Speaking on why he made the switch, he revealed he and his parents came up with the name when he was aged eight.”From there, through school and into adulthood – where I got my first big telly break as a Blue Peter presenter – I was ‘Andy’ and fine with it,” he wrote in the Huffington Post. “Recently though I started to rethink that decision. Whenever I travelled abroad colleagues or friends would spot my travel documents and comment on my name saying: ‘That’s a sick name! Why don’t you use that?’
“They meant it was a great name of course and they were right. Andy is too and it means a lot to me – my parents are Catholic and named me after St Andrew, so there’s a significance to it – but Odunayo is my first name and means ‘Year of joy’ in my first language, Yoruba.
“It sounds much more interesting, it’s different and that’s something to be celebrated.”
“Why should we ‘anglicise’ ourselves to blend in?
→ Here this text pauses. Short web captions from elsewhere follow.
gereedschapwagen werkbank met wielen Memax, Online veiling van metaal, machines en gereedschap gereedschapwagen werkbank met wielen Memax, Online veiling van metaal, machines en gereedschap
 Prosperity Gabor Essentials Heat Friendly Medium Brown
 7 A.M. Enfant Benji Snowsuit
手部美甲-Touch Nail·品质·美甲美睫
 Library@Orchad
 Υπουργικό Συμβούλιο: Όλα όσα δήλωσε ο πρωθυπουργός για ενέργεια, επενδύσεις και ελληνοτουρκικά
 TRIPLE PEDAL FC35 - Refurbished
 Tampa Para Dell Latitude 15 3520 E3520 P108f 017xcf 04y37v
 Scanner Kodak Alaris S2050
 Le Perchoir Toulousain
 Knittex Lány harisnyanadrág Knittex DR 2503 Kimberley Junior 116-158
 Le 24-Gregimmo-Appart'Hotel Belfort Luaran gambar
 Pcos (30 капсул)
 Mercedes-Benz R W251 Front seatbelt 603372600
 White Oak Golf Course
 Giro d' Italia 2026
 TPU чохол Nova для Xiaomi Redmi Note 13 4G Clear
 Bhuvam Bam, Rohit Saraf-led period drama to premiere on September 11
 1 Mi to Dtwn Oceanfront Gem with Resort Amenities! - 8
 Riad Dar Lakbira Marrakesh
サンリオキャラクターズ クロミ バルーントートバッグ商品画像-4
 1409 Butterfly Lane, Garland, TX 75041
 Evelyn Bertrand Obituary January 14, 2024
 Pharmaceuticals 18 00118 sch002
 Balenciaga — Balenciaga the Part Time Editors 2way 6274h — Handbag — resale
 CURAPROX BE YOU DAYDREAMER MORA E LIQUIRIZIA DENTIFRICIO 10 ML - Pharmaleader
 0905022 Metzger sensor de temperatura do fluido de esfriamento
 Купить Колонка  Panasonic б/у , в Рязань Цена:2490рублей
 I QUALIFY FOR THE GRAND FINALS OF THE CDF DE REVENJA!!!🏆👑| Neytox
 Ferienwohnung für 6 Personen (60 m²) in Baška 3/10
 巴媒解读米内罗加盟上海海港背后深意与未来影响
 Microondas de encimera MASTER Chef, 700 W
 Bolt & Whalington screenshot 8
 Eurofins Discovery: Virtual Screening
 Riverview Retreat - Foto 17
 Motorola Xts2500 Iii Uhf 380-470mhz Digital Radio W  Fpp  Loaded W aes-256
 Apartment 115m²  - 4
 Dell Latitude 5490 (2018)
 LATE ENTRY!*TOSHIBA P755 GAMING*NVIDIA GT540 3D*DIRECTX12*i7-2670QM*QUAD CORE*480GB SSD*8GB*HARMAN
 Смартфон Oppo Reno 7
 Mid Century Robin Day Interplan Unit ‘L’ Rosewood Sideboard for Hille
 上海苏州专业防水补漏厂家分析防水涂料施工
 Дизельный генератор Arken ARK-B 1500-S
Growing up in Birmingham which is home to 187 different nationalities, the diversity is incredible – it wouldn’t be the same if everyone was called John and Bob!”
In 2011, Akinwolere has set two world records for swimming in one of the deepest stretches of water on the planet. He swam five miles across the Palau Trench, an 8,000-metre deep abyss in the Pacific Ocean. He is the first person to swim across the deepest part of the trench, and now holds the record for the deepest location for an open water swim. He took three and a half hours to complete his swim. His records were verified by the World Open Water Swimming Association. “It’s an absolute triumph to have completed this swim, after having had just over 10 weeks of swimming training, I still cannot believe how far I’ve come. I could not swim a length before this and now I have swum over one of the deepest parts of the world. “All the hours of gruelling training will be worth it if my challenge inspires more children from ethnic minorities to learn to swim,” he said.
In 2008 and 2010 Ayo Akinwolere was nominated for Presenter of the year at BAFTA Children’s Award.